Hello everyone! I would appreciate some help with this data frame 'df':
df
Marker Sample allele
FlaHDF11 CP26 h
FlaHDF11 CP26 a
FlaHDF12 CP26 e
FlaHDF12 CP26 f
FlaHDF11 CP27 g
FlaHDF11 CP27 h
FlaHDF12 CP27 t
FlaHDF12 CP27 z
I would like something tlike this:
FlaHDF11 FlaHDF11 FlaHDF12 FlaHDF12
CP26 h a e f
CP27 g h t z
#This is the code Im using and I suspect the problem is in the line (6). Im always expecting to have just two rows for the same sample, but the code is optimized to add extra columns in case some samples have more than 2 alleles.

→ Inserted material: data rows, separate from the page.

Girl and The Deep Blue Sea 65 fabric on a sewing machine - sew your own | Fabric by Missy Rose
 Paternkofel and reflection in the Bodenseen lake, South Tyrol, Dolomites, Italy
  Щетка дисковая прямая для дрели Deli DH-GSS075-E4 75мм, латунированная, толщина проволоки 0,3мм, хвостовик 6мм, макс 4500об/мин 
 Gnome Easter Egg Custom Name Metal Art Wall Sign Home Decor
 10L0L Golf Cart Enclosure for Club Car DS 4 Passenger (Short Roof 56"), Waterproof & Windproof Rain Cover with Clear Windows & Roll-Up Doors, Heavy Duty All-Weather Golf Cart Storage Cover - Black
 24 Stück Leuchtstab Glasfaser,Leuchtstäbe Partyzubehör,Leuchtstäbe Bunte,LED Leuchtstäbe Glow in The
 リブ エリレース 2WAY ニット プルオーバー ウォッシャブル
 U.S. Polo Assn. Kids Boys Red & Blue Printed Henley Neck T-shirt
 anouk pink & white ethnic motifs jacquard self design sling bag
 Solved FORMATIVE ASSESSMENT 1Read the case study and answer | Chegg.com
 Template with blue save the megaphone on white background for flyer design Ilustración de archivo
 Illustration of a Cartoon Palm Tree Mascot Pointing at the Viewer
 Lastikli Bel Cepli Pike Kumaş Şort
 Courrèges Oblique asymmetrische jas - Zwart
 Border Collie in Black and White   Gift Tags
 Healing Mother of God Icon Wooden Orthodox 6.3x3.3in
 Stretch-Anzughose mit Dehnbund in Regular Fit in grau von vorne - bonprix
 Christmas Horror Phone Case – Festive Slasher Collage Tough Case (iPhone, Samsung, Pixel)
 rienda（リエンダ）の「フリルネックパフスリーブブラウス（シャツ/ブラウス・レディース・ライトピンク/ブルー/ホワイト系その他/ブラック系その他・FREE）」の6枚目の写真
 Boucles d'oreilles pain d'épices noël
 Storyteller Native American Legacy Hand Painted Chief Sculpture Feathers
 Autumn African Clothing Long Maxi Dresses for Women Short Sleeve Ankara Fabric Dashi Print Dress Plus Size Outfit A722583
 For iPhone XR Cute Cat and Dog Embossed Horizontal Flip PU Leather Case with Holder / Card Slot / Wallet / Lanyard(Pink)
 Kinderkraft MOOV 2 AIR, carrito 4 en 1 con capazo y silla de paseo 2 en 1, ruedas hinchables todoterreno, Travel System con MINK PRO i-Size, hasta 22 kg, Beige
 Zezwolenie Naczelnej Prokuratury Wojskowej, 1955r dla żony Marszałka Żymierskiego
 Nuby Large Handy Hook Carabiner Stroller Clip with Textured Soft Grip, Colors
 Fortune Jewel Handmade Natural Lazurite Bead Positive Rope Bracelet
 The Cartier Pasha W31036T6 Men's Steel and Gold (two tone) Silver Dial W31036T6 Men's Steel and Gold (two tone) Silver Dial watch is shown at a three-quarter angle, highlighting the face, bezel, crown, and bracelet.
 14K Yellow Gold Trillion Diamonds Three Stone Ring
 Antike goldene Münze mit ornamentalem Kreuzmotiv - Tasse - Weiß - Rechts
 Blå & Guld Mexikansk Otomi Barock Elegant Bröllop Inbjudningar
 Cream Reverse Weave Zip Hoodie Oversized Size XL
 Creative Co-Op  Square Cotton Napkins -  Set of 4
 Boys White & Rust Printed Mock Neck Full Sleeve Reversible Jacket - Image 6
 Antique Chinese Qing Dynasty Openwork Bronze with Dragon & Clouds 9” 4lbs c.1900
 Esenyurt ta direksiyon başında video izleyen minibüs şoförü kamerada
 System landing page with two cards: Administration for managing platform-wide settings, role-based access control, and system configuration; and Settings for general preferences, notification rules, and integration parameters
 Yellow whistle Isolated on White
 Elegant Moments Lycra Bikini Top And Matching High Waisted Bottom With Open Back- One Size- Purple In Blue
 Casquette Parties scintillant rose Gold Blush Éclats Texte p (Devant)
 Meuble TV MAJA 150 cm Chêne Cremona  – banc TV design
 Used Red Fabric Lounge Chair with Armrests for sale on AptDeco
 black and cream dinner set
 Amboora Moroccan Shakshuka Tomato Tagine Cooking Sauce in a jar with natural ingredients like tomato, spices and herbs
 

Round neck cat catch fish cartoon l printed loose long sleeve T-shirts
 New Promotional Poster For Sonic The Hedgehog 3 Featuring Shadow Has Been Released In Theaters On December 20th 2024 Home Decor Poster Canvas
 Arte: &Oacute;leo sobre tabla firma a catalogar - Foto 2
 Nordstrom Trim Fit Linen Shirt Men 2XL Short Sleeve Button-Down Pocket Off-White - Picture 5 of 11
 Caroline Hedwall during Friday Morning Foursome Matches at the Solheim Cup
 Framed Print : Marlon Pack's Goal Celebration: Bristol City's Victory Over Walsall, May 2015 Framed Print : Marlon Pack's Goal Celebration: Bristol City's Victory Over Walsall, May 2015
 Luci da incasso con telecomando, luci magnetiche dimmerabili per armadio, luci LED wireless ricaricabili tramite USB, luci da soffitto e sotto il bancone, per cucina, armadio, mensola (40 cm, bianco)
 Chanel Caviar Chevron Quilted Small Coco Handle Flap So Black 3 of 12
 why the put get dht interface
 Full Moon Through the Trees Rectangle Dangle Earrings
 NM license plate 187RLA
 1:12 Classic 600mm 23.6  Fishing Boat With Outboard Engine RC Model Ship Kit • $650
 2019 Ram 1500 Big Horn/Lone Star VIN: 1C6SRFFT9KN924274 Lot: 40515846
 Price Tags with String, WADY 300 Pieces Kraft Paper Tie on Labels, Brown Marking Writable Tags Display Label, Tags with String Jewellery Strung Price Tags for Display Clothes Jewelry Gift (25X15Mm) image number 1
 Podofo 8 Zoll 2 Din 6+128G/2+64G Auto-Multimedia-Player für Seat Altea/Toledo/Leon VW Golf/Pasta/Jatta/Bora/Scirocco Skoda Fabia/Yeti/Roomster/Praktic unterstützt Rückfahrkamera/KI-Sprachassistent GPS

a = read.table('df', stringsAsFactors=F,header=T)
a = a[-1,]
a1 = a[!duplicated(a[,1:2]),]
rownames(a1) = paste(a1$Marker,a1$Sample)
t=1;
while(sum(duplicated(a[,1:2])) >0) #### I think the problem is here
{
a1 = cbind(a1,rep(NA, dim(a1)[[1]]))
a = a[duplicated(a[,1:2]),]
a2 = a[!duplicated(a[,1:2]),]
a1[paste(a2$Marker,a2$Sample),t+3] = a2$Size
t = t+1
}
colnames(a1) = c(colnames(a), paste('Size',1:(t-1),sep='.') )
a2 = a1[!is.na(a1$Size.2),]
m = matrix(NA,length(unique(a1$Sample)), length(unique(a1$Marker))*t)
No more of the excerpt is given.